自信を持った生徒達は、その後の戦闘も順調に切り抜けている。既に百頭を越える泥犬を倒してきているが、興奮状態の彼らは意気盛んであった。
「一度退いてお昼にするわよ。各自、後退準備」
元気な返事が上がり、整然と陽射しの下へ向けて進んだ。
◇ ◇ ◇
幌馬車の側には、幾つもの加熱魔法具が並べられ、その上に大きな鍋が架けられ良い香りを放っていた。切り分けられた長パンが皿の上に山積みにされて彼らを待っている。その横には豊富な肉串の山もあり、それを見た生徒達は自分がどれほどお腹を空かせていたのか初めて気付く。
「わあ、すごい! ありがとう、カイ!」
アルギナが飛び付かんばかりにしていると、いつもの笑顔が待っていた。
「お腹が空いているだろうけど、まずは身綺麗にしておいで」
「あっ!」
それで彼女は自分が泥だらけなのに気付き、頬を赤らめた。
フィノが作り出す温風に包まれて乾燥された彼らは服の泥を払い除けた後、男女順番に幌馬車の中で身体を拭いてきてやっと昼食にありつく。車座になり、それぞれが器を手にして食事を楽しんだ。

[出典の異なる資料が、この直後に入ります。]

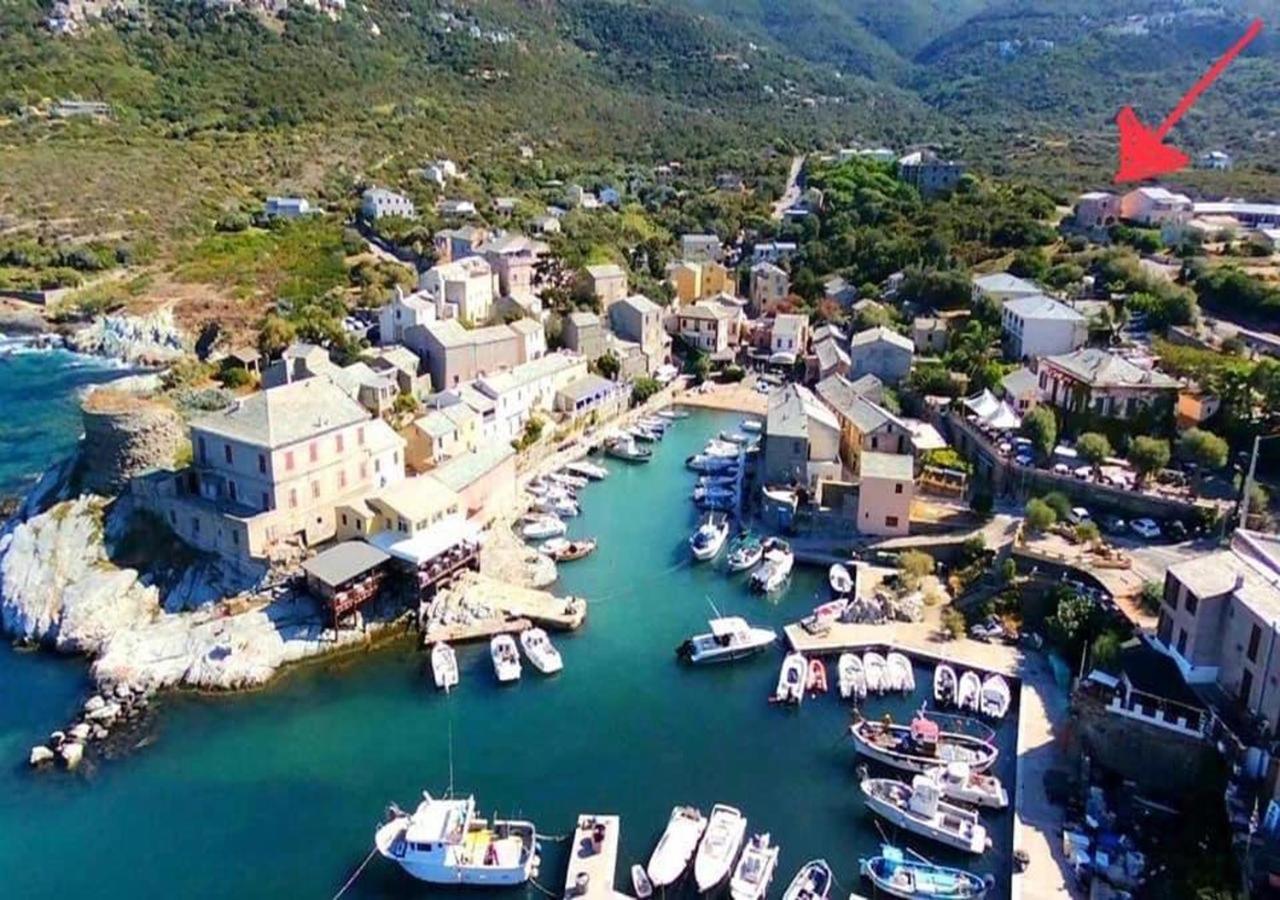 La Giraglia Villa Сентури Екстериор снимка
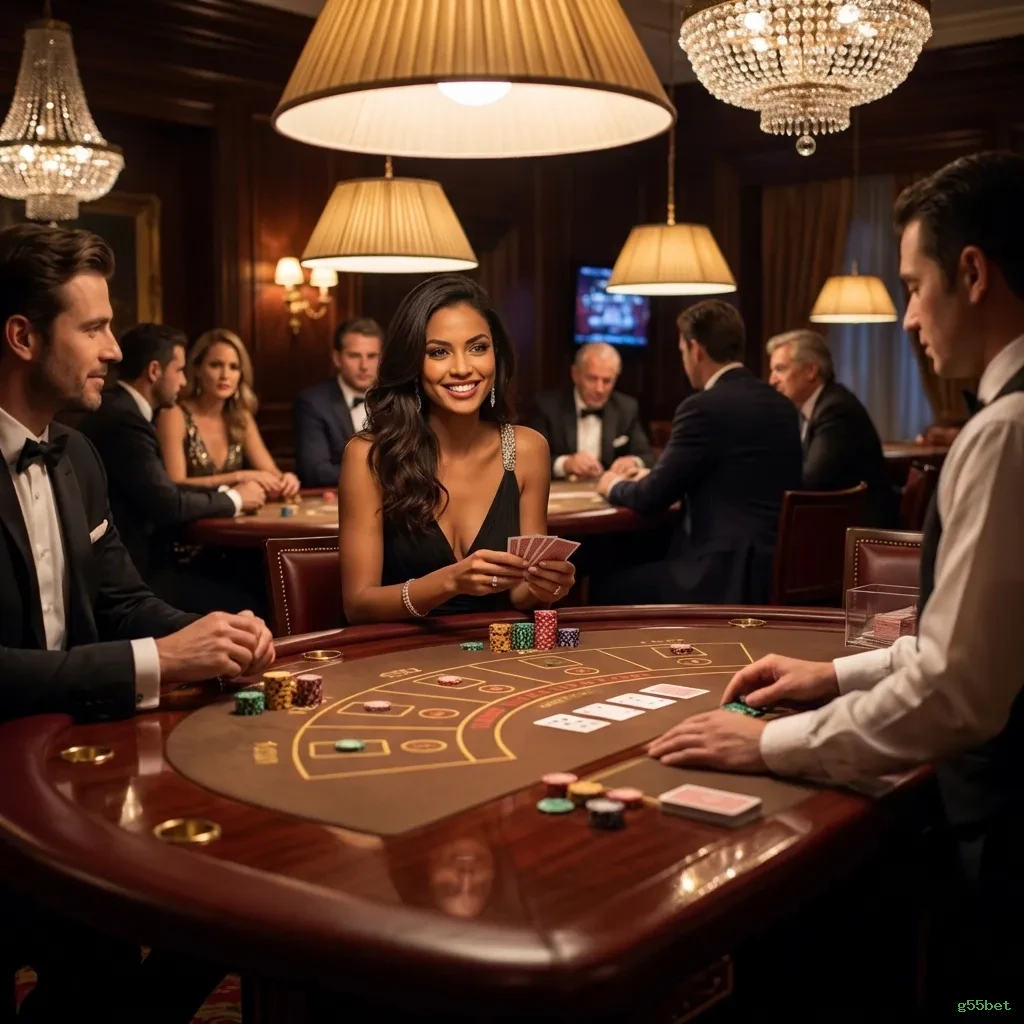 Instalar APK g55bet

カイを知らない者達はその味に驚きの声を上げる。そこへアルギナやフラグレンが我が事のように当然だと説明し、彼らの指導者のパーティーの充実具合を自慢した。腹がくちくなった頃には、誰もが自分が疲れている事に気付く。
「そろそろ自分の状態が解ってきたでしょ? しっかり身体を休めておきなさい。一刻経ったらまた行くわよ」
思い思いの姿勢で休憩を取る生徒達の中で、フラグレンは身体の奥に燃え盛る炎が有るのに戸惑っている。彼女はそれなりに経験を積んできた筈なのに、それを感じたのは初めてだった。いや、初めて自覚したと言うべきだろうか?
自分の中の変化は、チャムの存在が原因であろう事だけは彼女にも解った。
実習開始の話です。一応、これがイーサル編のクライマックスバトルになるんでしょうね。派手な戦闘はありませんが、このエピソードの結論は出ます。あと数話でイーサル編も終了します。